• **Recorded information**:
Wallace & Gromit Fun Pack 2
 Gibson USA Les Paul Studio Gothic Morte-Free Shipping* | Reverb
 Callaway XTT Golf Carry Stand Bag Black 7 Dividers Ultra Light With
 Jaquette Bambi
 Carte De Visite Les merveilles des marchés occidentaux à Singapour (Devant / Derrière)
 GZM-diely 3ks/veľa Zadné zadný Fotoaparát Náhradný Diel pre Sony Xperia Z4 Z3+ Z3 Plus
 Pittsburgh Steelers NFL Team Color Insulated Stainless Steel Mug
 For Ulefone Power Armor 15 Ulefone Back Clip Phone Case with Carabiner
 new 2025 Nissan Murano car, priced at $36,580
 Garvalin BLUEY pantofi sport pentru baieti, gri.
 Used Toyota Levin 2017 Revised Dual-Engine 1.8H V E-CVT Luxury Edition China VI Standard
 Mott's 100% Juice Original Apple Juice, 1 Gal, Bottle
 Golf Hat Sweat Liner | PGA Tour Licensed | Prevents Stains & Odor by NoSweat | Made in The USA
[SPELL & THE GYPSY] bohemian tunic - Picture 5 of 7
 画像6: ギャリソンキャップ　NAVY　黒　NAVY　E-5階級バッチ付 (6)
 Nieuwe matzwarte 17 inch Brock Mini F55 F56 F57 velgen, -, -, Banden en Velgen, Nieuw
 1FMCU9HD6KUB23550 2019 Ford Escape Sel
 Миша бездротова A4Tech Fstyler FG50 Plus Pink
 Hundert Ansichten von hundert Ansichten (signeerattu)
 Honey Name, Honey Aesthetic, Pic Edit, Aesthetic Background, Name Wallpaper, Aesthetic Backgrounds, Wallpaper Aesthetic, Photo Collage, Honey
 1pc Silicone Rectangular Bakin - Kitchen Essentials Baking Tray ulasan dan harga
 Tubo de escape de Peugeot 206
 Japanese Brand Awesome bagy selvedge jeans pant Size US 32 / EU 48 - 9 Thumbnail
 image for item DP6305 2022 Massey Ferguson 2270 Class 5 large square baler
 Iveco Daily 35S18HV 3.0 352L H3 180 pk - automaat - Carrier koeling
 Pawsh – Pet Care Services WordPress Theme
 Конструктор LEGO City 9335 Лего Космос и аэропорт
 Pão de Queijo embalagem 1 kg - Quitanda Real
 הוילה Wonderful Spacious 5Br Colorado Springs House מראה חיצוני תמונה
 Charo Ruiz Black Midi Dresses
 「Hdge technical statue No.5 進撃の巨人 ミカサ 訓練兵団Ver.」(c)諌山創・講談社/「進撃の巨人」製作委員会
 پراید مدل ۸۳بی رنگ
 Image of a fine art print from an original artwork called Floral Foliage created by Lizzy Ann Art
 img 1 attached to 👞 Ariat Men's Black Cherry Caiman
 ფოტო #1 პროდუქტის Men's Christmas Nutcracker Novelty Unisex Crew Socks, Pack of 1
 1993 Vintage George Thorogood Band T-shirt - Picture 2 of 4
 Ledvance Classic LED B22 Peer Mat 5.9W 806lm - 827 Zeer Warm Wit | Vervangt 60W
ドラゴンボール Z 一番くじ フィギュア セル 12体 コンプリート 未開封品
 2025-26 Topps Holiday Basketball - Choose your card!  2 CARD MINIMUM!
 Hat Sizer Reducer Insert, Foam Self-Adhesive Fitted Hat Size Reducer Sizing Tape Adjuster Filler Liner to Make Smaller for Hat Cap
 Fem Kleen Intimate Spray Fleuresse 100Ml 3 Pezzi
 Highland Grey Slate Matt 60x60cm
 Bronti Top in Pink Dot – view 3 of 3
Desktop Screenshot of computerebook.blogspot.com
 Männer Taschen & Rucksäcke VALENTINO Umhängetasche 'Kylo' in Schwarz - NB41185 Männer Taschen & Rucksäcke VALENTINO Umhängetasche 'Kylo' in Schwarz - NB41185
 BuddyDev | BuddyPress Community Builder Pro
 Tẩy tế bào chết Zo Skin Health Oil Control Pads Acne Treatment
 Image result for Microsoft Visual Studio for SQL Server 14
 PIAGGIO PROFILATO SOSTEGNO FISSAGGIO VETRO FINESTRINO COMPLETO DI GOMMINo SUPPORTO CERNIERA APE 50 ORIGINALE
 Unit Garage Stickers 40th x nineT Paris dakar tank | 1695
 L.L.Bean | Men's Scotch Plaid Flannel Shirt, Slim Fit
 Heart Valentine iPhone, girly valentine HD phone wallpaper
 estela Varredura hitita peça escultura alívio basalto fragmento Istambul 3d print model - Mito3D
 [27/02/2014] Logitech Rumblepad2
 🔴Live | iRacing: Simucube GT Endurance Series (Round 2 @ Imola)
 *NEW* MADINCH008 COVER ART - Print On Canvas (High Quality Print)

• **Task to carry out**:
Transcribe the records from their first line. Stop after the line with "Pittsburgh Steelers NFL", including it.

• **Solution to this exercise**:
Wallace & Gromit Fun Pack 2
 Gibson USA Les Paul Studio Gothic Morte-Free Shipping* | Reverb
 Callaway XTT Golf Carry Stand Bag Black 7 Dividers Ultra Light With
 Jaquette Bambi
 Carte De Visite Les merveilles des marchés occidentaux à Singapour (Devant / Derrière)
 GZM-diely 3ks/veľa Zadné zadný Fotoaparát Náhradný Diel pre Sony Xperia Z4 Z3+ Z3 Plus
 Pittsburgh Steelers NFL Team Color Insulated Stainless Steel Mug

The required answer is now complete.